Image and text contributed by Charu Walikhanna, New Delhi
This was a hot day with a baking hot floor. I was in 4th yr of Sir JJ School of Applied Art. And the same campus housed disciplines of Fine Arts, Textiles and Interior Designing. This dance party was an event organised by JJ School of Architecture during their annual festival SAAWAN. The dance party in the image was not in our campus but in a hall in Colaba. I wonder if it still exists.

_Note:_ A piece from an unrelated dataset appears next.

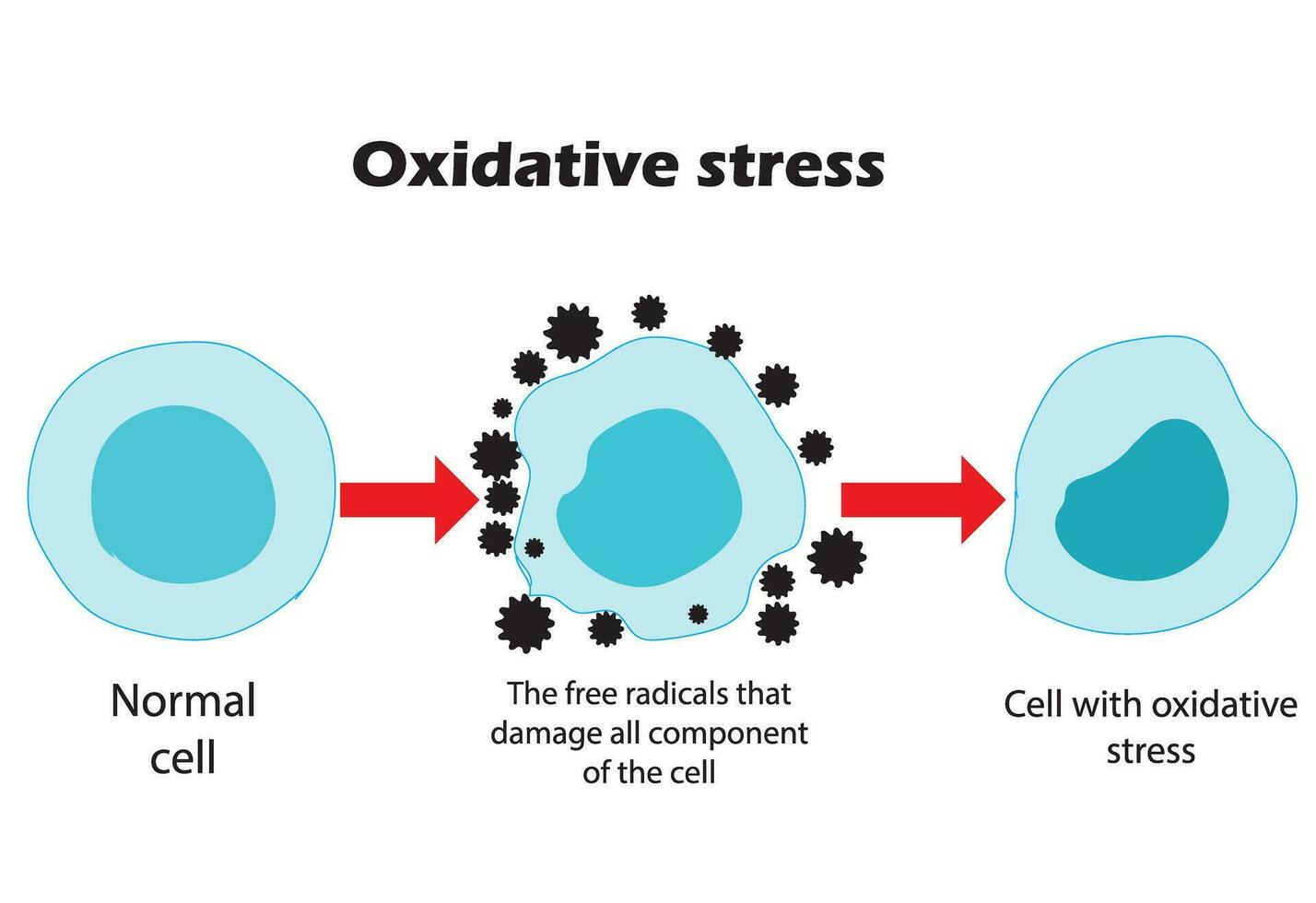 oxidativo estrés. desde normal células, a oxidativo estrés y agresivo gratis radicales, a célula muerte.educativa y estudiar contenido para estudiantes de biología, medicina y ciencia. vector ilustración.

We used to then dance like mad, to songs of ABBA and other such English bands. There was no Punjabi rock or rap in those days and there were definitely no intoxicants or alcohol. Nor did anyone have bottles stashed away in their car like today in Delhi. Some people were into soft drugs though no one ever experimented openly and definitely not at college functions. We lived, ate and dreamed of Art & Design. Our heroes were Picasso, Salvador Dali and Charles Correa. We were so absorbed in our passions, that failure or success was not the ultimate goal. A well known joke was that if one failed at JJ and was yet successful, it may be better because Charles Correa, one of India’s most famous architect was JJ drop-out too. In those days, film stars like Parveen Babi flocked to our college to hear J Krishnamurti’s lectures on Philosophy, on campus under the huge banyan tree while the sun set and the crows cawed.
I was a boarder in Bombay. JJ did not have a girls hostel so we girls stayed at a government hostel called the Women Students Hostel. The Hostel was started by the Government of Maharashtra in 1952, to accommodate undergraduate girl students of colleges affiliated to the University of Mumbai. The hostel was renamed to Savitridevi Phule Mahila Chhatralaya to honour the memory of – Savitridevi Phule, a pioneer in the education of women. The hostel is situated at the beautiful location of Marine Drive facing the Arabian Sea. I have an aunt who stayed in the same hostel in the 50s and said they were served by waiters in turbans, though by our time it only had bare-feet locals in striped underpants. The dining hall was the only place men were allowed and only as waiters.